Bernie’s Tragic Flaw: Too Soft on Clinton

From Day One, Bernie Sanders said that he would support the eventual Democratic nominee – Hillary Clinton. It looks like he will make good on his word.

The near certainty that he would jump on the Hillary bandwagon eventually has always been one of the best arguments for being wary of his campaign.

But while there was still a hope and a prayer that maybe, just maybe, Bernie would defeat the Clinton juggernaut, it didn’t seem to matter. That was always wishful thinking, however; Bernie never had a chance. The Democratic Party was against him; corporate media were against him too; and the system was rigged.

And so, Hillary is now the Democrats’ “presumptive nominee,” their Donald Trump. It was bound to happen; deep down, everybody always knew it would. Even so, in the immortal words of Chester A. Riley: “what a revolting development this turned out to be!”

If Sanders now does what he has all along said he would, it will diminish all that he has accomplished.

But at least he won’t be a “spoiler” in the eyes of liberal pundits – like, horror of horrors, Ralph Nader.
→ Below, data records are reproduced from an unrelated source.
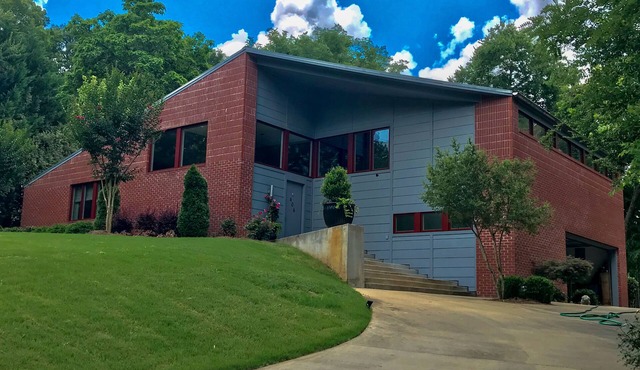 Home Near Tanglefoot Trail & Downtown New Albany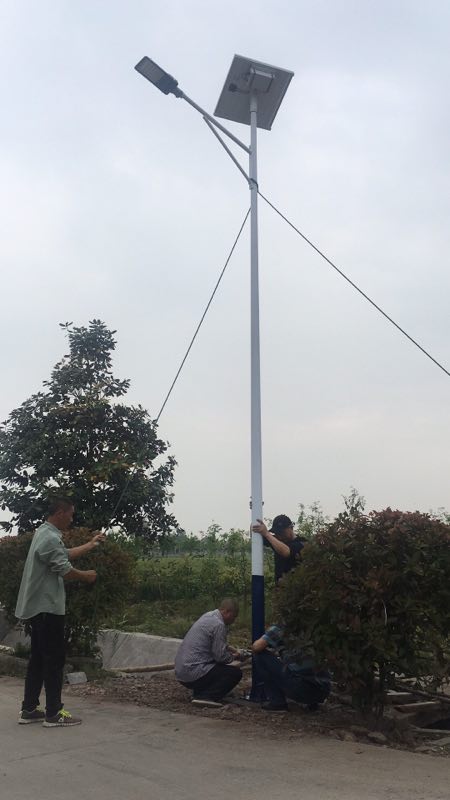 太陽(yáng)能路燈 太陽(yáng)能路燈
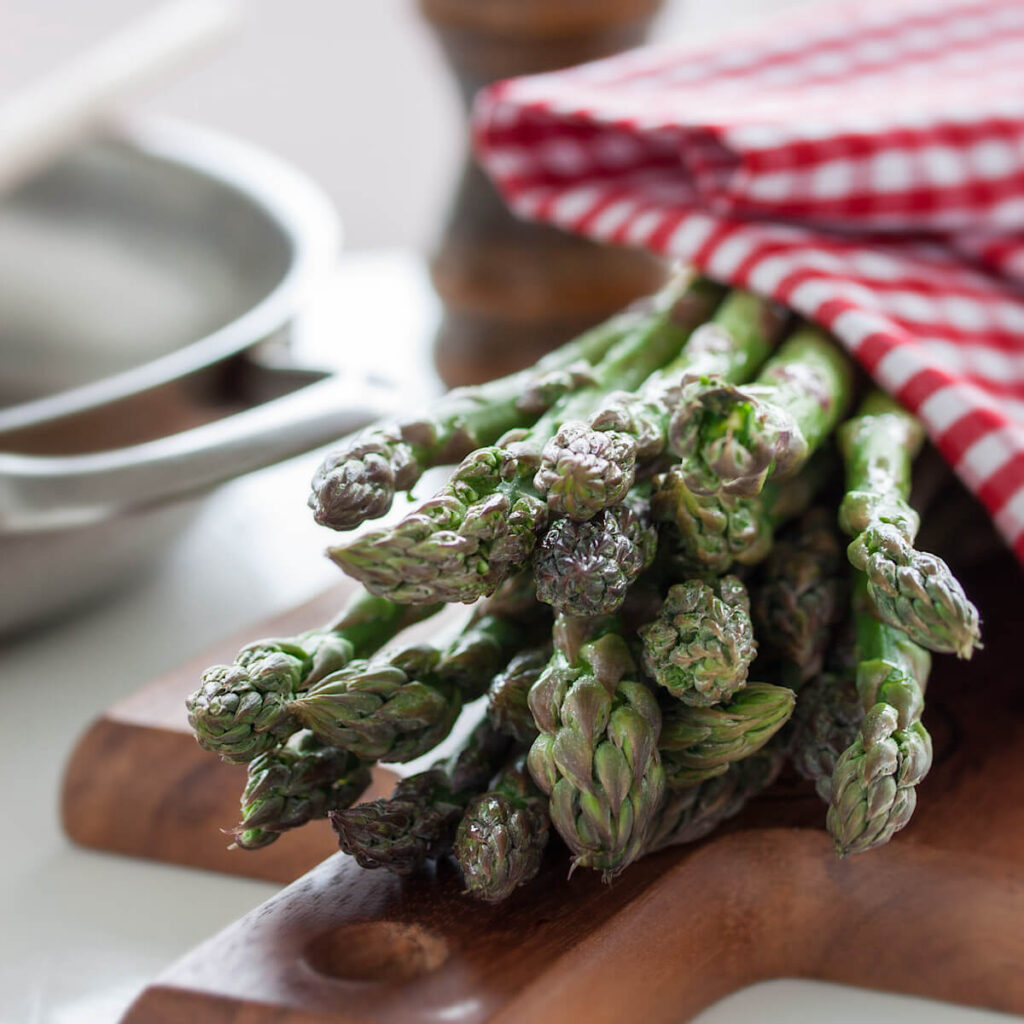 Crema di asparagi con gamberi e mollica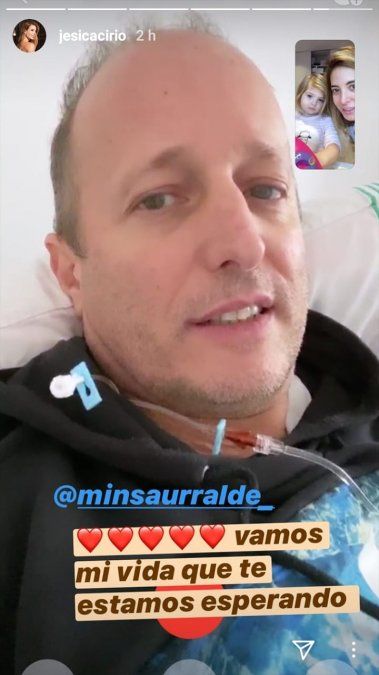 El intendente de Lomas de Zamora, esta mañana en comunicación con su esposa y su hija.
The idea that Nader was a spoiler is nonsense, of course; Al Gore was a piss poor candidate who ran a piss poor campaign and an even worse post-election recount battle in Florida. Even so, sixteen years later, Democrats still won’t let it go.

Conjuring up Bush v. Gore memories is the least of it; liberal scribblers and talking heads are pulling out all the stops trying to get Sanders to go away. If he doesn’t, they caution, he will have hell to pay; if he does, he can count on them regaling him, Hillary-style, with condescending praise for getting young people involved in the electoral process. Yippee!
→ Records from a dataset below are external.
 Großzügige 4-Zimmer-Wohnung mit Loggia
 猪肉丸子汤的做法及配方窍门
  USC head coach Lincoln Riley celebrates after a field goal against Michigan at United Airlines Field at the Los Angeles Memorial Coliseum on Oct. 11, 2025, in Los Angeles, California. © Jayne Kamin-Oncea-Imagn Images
He has other options, though; thanks to all the supporters he has. Were he to lead some large portion of them out of the rotting hulk that the Democratic Party has become, joining forces with the Greens or starting a new, genuinely progressive party from the ground up, he could become one of the great heroes of American history. That is more than can be said of any American President in living memory.

Chances are that he will succumb instead.

Whatever he does, it will take a protracted struggle and a mass movement to rid the body politic of “Clintonism,” that distinctive constellation of economic, foreign and military policies that has afflicted the United States and the world for the past quarter century,

Clintonism exacerbates inequality, encourages murder and mayhem abroad and terrorism at home, and renders the country dependent on a perpetual war regime that undermines First, Fourth and Fifth Amendment protections along with other traditional rights and liberties.

The Clintons didn’t think it all up themselves; they aren’t clever enough. But through happenstance and design, they did help put those policies in place, and they have been working assiduously to sustain them throughout their too many years in public life. For these reasons, and because they have been in the public eye for so long, the name is appropriate, notwithstanding the fact that it gives the two of them more credit than they deserve.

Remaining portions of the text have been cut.